Lundquist was born in Westbury, New York, the son of an architect. He grew up in Peekskill, New York and studied architecture at Columbia University. As a senior there in 1937, he was hired to work in the office of well-known architect Raymond Loewy, receiving training from Loewy himself. At the Loewy firm, he worked on the Chrysler pavilion for the 1939 New York World’s Fair, devising a wind tunnel which would show the air flows around Chrysler’s latest car. He also devised a “frozen forest” which would dramatize Chrysler’s latest automotive feature, the air conditioning system.

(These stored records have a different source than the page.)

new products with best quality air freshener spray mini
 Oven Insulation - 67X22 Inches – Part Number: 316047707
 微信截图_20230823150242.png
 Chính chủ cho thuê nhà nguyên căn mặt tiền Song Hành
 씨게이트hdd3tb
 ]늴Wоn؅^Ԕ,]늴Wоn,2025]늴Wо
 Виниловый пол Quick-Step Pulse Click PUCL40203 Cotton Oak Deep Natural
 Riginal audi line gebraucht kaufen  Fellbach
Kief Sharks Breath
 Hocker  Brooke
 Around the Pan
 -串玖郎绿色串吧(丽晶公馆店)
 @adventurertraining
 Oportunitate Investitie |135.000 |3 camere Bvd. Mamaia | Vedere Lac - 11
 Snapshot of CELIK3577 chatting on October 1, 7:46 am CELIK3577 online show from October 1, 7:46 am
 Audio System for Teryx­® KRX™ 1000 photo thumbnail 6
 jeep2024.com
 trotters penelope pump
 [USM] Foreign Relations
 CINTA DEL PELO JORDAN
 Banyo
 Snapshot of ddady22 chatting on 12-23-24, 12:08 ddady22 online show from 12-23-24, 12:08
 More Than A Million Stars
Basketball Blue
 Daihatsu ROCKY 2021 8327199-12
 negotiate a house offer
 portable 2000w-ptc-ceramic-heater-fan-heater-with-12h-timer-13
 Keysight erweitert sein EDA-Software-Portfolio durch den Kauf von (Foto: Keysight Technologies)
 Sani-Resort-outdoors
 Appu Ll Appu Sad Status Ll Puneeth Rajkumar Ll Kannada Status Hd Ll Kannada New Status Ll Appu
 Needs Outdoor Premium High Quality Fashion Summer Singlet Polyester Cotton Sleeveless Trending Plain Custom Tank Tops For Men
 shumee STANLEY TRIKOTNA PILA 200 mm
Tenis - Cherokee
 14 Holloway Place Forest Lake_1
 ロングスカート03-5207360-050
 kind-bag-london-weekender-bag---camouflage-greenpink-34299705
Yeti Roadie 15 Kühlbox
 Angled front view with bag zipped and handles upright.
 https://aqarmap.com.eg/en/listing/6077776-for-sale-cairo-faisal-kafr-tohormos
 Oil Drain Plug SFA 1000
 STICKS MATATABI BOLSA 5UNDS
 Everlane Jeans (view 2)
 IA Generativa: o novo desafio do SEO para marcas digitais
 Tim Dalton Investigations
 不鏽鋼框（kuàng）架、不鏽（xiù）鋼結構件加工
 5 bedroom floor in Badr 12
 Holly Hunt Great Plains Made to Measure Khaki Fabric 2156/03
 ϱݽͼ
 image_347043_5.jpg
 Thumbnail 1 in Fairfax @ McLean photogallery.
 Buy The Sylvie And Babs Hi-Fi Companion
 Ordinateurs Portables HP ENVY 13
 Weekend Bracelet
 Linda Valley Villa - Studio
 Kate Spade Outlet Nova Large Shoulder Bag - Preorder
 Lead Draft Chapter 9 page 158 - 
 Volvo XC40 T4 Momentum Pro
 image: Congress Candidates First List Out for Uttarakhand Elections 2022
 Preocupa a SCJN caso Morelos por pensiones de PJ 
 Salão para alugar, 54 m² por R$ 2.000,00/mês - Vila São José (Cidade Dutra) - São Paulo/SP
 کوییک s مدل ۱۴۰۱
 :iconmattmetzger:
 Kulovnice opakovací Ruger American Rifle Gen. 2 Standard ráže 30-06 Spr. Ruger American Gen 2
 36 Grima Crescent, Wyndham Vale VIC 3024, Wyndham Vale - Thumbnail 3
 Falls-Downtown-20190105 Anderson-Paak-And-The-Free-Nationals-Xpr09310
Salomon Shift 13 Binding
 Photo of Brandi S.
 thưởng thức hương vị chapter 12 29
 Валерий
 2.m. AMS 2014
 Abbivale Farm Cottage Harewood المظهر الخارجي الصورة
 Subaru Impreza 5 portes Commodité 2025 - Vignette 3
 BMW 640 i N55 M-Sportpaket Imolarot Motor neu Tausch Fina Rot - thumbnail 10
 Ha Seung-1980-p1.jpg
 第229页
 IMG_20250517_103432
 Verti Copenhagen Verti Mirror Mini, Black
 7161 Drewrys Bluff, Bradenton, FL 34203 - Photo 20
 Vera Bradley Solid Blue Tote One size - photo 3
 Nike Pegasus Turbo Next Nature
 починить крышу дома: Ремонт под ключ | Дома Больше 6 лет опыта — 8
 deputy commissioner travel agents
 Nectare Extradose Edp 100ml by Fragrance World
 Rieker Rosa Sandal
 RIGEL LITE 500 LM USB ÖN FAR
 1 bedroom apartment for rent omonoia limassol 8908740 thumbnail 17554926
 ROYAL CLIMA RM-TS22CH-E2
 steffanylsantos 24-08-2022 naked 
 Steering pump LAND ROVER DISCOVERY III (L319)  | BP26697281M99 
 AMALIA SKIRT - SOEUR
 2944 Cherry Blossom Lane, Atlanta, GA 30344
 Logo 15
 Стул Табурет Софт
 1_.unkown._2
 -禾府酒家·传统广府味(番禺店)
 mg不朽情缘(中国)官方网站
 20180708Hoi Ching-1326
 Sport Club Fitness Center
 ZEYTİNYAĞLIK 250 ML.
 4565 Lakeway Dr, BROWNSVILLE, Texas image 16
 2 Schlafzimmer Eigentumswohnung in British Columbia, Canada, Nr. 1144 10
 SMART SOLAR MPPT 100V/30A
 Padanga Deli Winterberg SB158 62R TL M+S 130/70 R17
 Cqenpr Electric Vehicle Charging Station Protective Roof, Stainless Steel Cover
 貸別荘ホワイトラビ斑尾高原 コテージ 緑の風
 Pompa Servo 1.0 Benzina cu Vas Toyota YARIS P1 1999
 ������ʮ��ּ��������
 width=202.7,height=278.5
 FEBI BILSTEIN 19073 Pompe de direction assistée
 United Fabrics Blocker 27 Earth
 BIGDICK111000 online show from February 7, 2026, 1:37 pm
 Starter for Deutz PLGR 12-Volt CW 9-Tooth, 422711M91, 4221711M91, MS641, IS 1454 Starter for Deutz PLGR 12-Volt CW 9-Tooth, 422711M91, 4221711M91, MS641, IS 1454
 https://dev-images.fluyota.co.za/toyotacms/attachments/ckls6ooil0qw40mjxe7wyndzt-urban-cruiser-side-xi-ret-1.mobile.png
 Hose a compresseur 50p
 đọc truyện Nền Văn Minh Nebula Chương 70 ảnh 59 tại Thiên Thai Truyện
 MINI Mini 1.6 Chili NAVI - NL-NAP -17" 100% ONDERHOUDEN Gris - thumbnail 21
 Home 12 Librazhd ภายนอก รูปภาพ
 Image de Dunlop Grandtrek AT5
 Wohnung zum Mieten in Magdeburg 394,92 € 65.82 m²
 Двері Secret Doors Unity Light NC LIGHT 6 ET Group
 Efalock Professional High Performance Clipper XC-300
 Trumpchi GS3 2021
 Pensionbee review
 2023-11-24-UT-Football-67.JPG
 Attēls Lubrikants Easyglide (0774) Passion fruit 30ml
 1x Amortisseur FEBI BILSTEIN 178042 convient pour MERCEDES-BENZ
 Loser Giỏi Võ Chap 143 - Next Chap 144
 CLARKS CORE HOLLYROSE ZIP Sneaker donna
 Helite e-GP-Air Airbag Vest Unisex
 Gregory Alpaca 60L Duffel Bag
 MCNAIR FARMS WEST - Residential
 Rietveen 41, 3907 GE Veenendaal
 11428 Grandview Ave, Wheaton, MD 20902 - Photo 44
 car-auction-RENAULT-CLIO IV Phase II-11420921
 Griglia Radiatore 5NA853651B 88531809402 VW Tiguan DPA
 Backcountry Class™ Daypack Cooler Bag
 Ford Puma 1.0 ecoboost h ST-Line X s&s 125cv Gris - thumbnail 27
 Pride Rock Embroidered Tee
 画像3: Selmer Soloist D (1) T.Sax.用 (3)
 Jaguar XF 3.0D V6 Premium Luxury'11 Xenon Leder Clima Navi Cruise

Made up of trees with refrigerant inside, the forest became a popular retreat on hot summer days at the Fair site.

Lundquist was commissioned as a lieutenant in the United States Navy, which utilized his graphic design talents. Lundquist served in the Office of Strategic Services, where he worked with Alger Hiss and fellow architect Eero Saarinen. Lundquist would prepare visual presentations for the Joint Chiefs of Staff, as well as for the Washington press corps.

In 1943, Lundquist won top honors in Art & Architecture’s Post War Living housing competition, for a house which he designed with Saarinen.

After being discharged from the Navy, Lundquist led the team responsible for graphic design for the United Nations Conference in San Francisco in April 1945. The initial design for the badge, initially created by Donald McLaughlin, who worked for Lundquist, was only intended to decorate the delegates’ badges, not as a logo for any organization. The design, as developed by the team, was blue because the color was seen as the opposite of red, the color of war. It was more centered on the United States as host nation of the conference than is today’s United Nations logo, and it excluded southern South America, since Argentina was not expected to join the United Nations (it did so later). The UN kept the idea of an azimuthal north polar projection of the world within olive branches, but rotated the design somewhat, and expanded it so that all major continents could be seen in full.

A few years ago we celebrated Donal McLaughlin’s centennial here on Dispatch. These were two amazing designers whose works are universally recognizable. Lundquist’s professional legacy will certainly live on.